Captioned web images
----
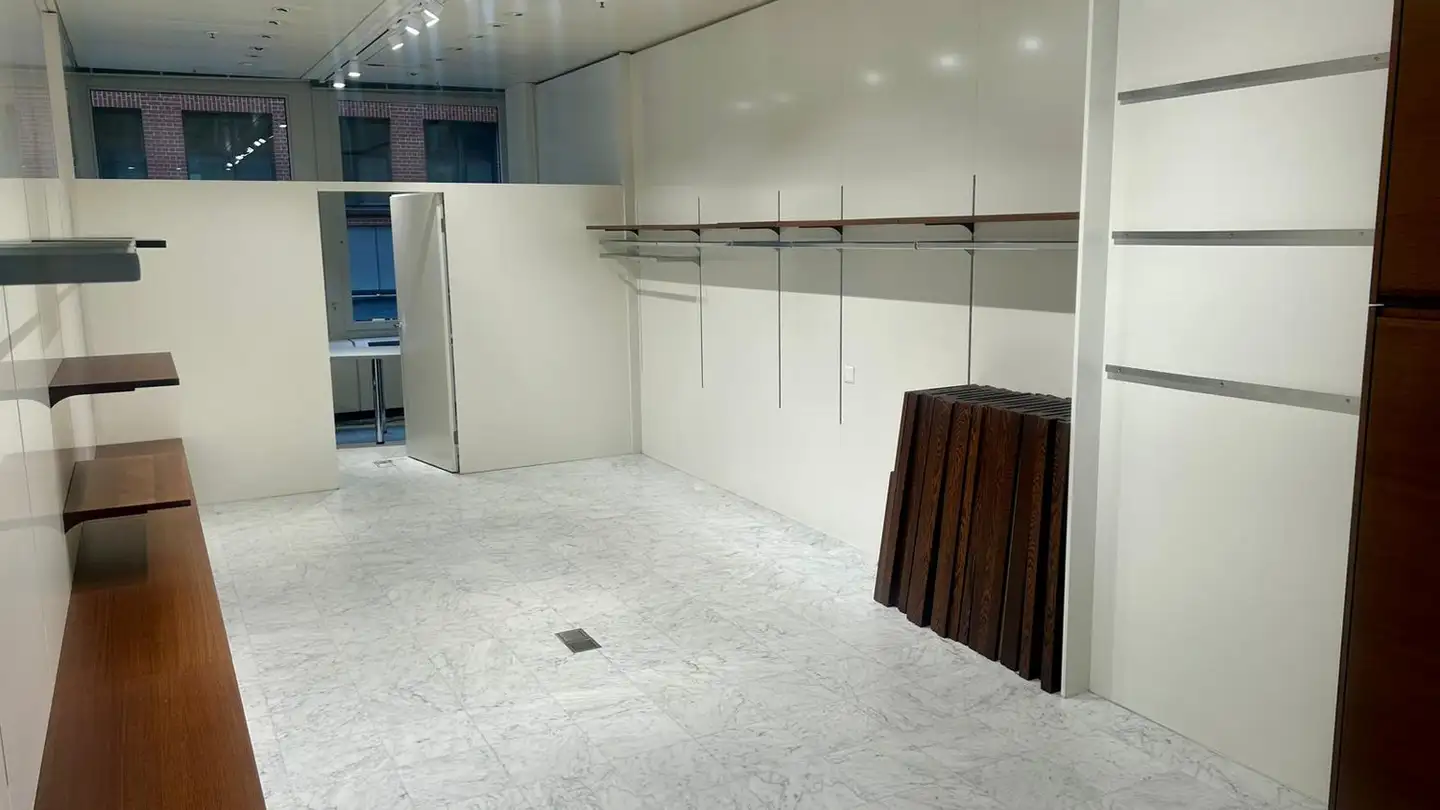 Commerciale in affitto - Thurgauerstrasse 117, 8152 Glattpark (Opfikon)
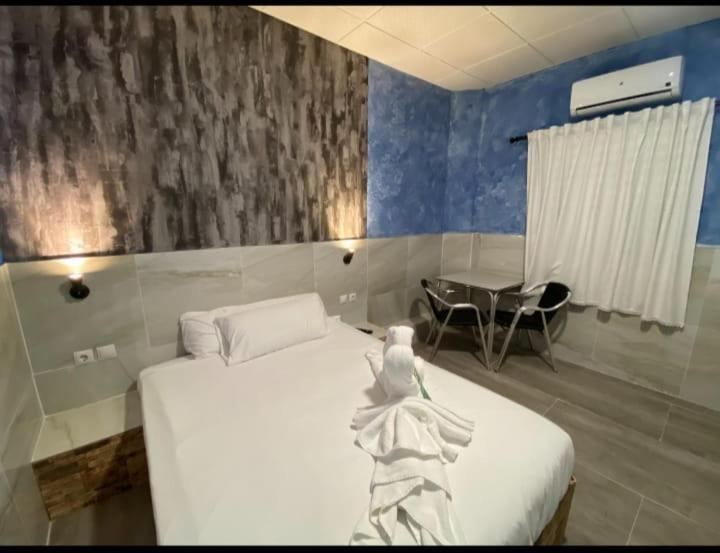 Avenida Andalucia - Solo Adultos Guest house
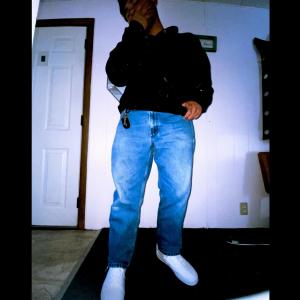 Dengarkan how do you do it (Explicit) lagu dari Chuch88 dengan lirik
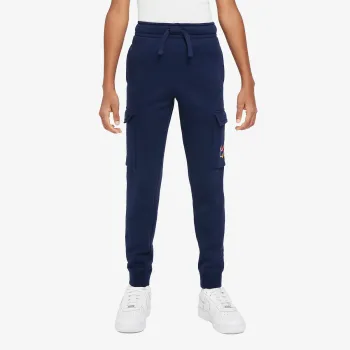 NIKE Sportswear 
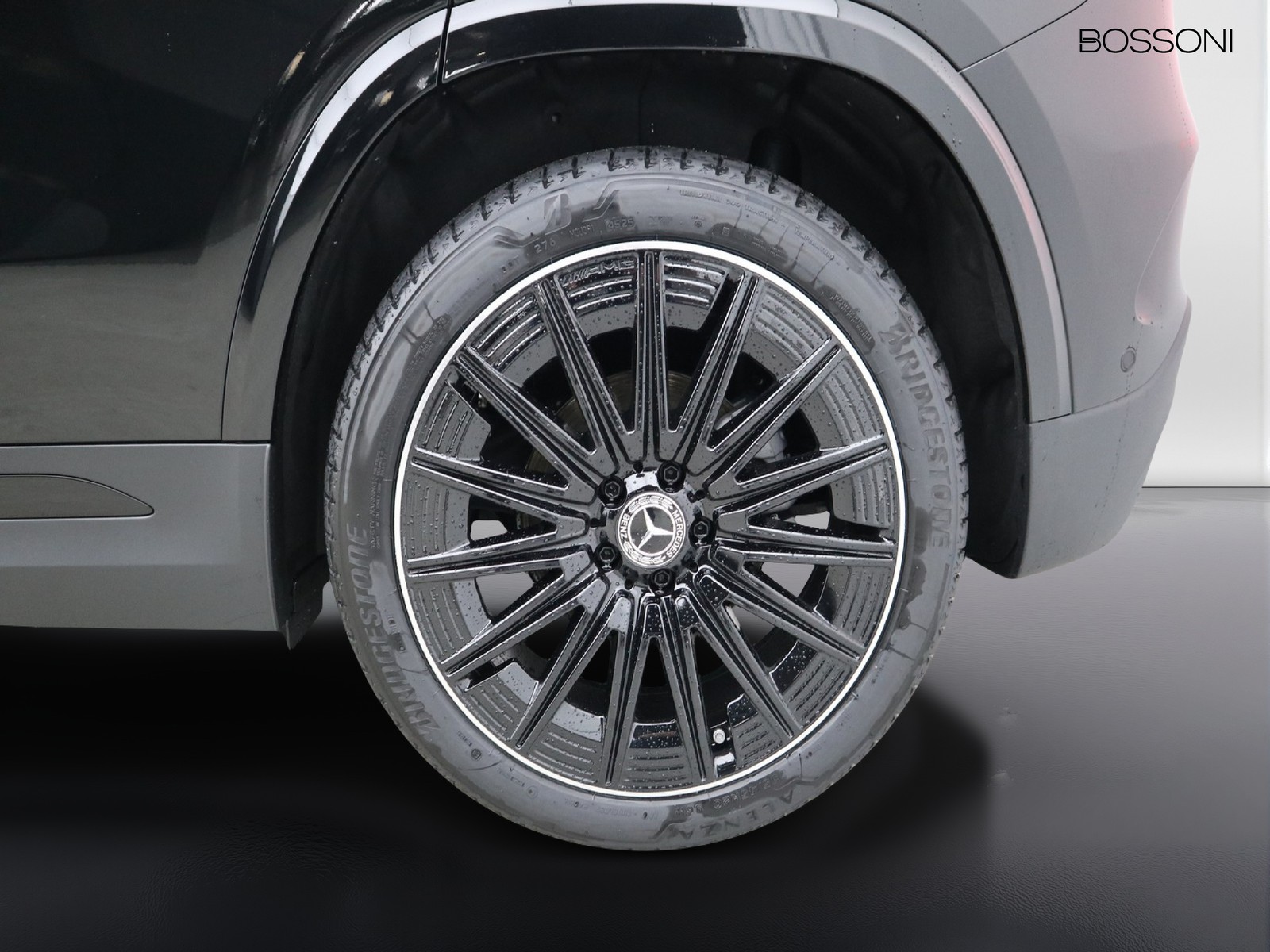 4 - Mercedes GLA 200 d amg line premium 8g-dct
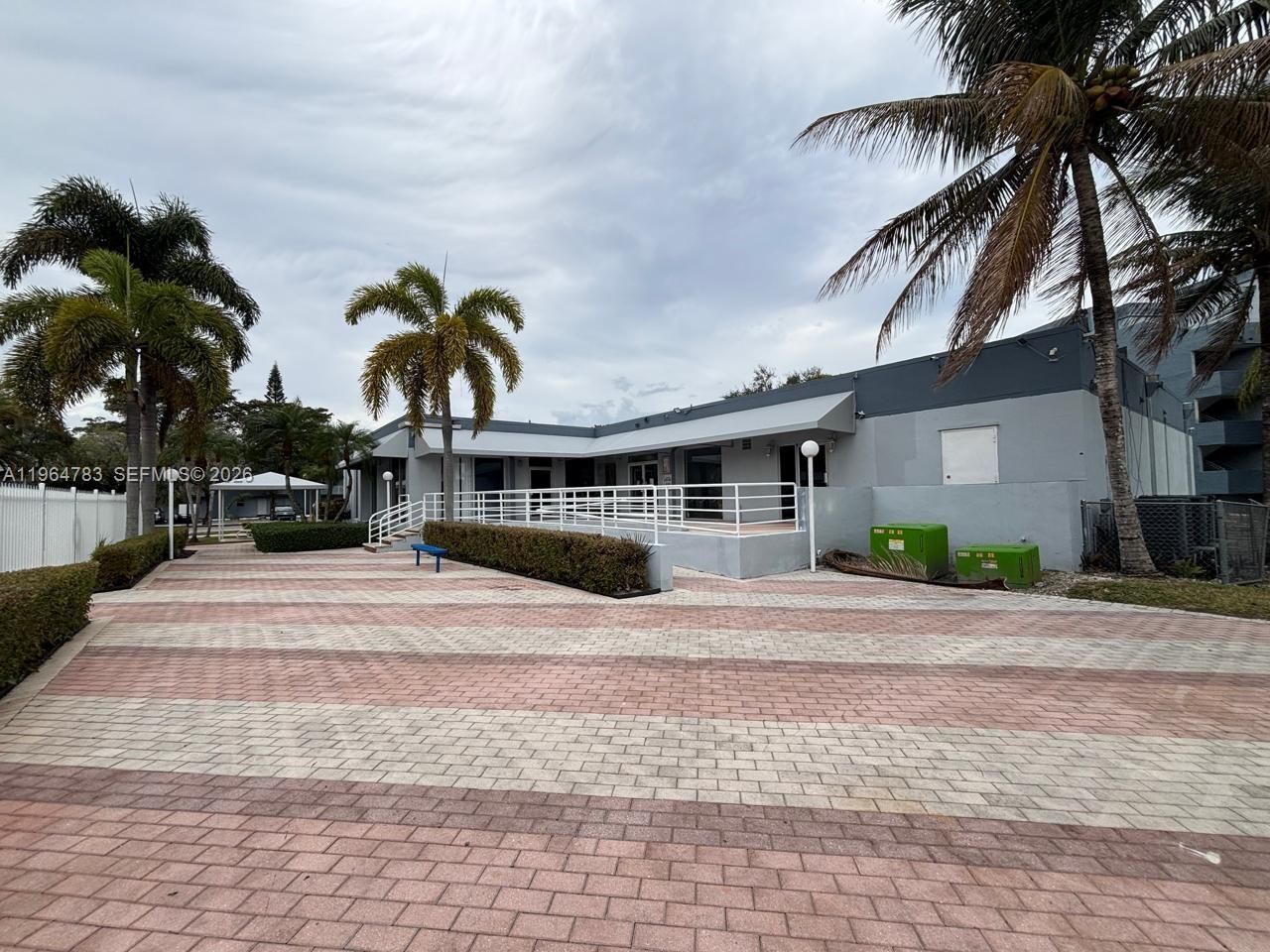 9365 Fontainebleau Blvd , Unit E105, Miami, FL 33172 Photo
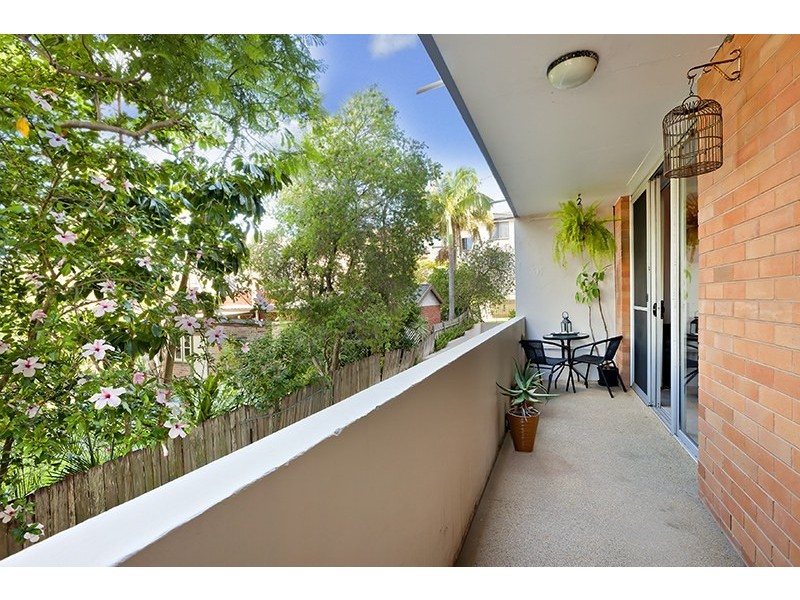 2/2 Holborn Avenue, Dee Why NSW 2099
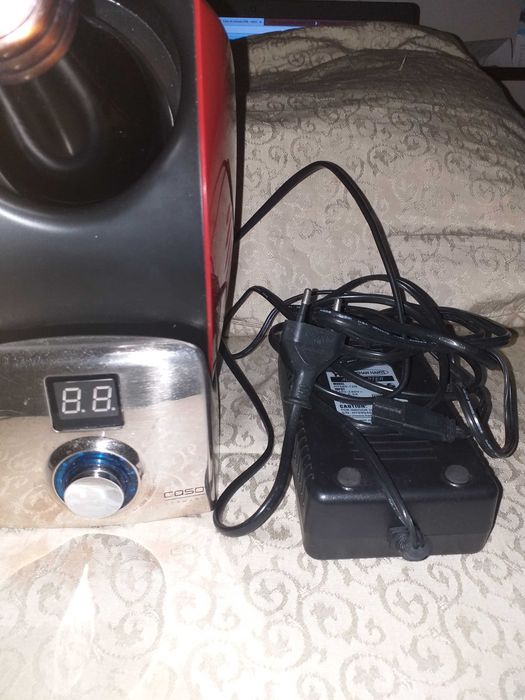 Geleira de  Vinho  para mesa  (CASO)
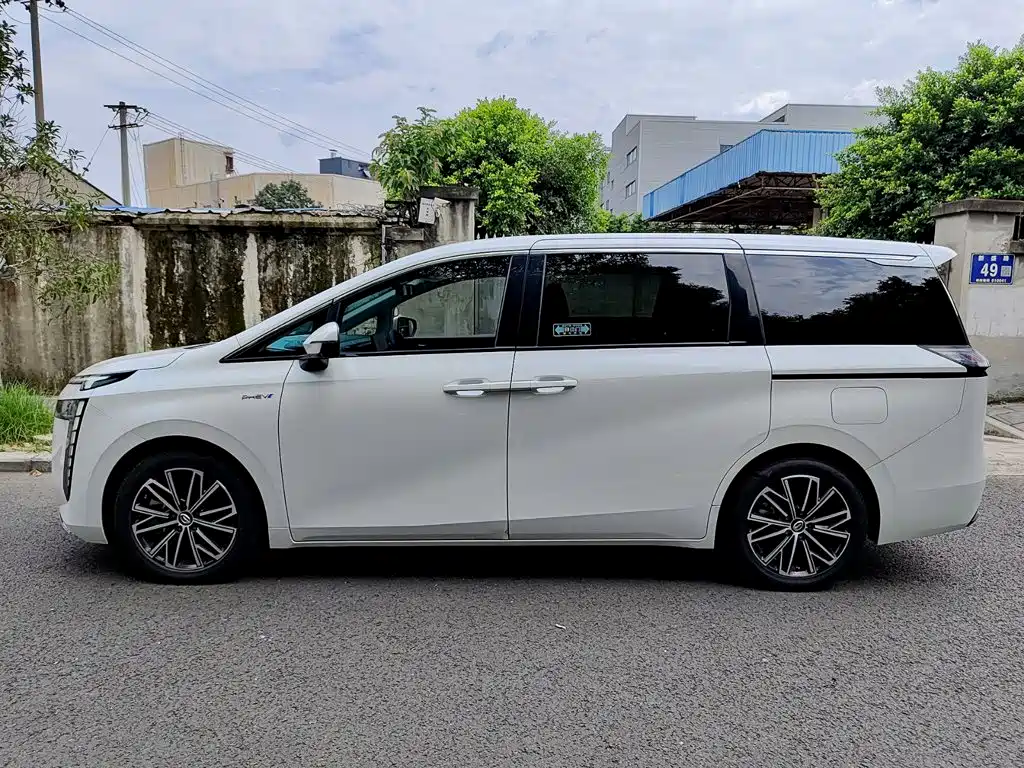 GAC Motor 传祺E8 PHEV — миниатюра 3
----
▶ **Work to be completed**
Exclude all pictures and reproduce exactly the lines from the one containing "9365 Fontainebleau Blvd" through the final line of the entries above.

▶ **Response**
 9365 Fontainebleau Blvd , Unit E105, Miami, FL 33172 Photo
 2/2 Holborn Avenue, Dee Why NSW 2099
 Geleira de  Vinho  para mesa  (CASO)
 GAC Motor 传祺E8 PHEV — миниатюра 3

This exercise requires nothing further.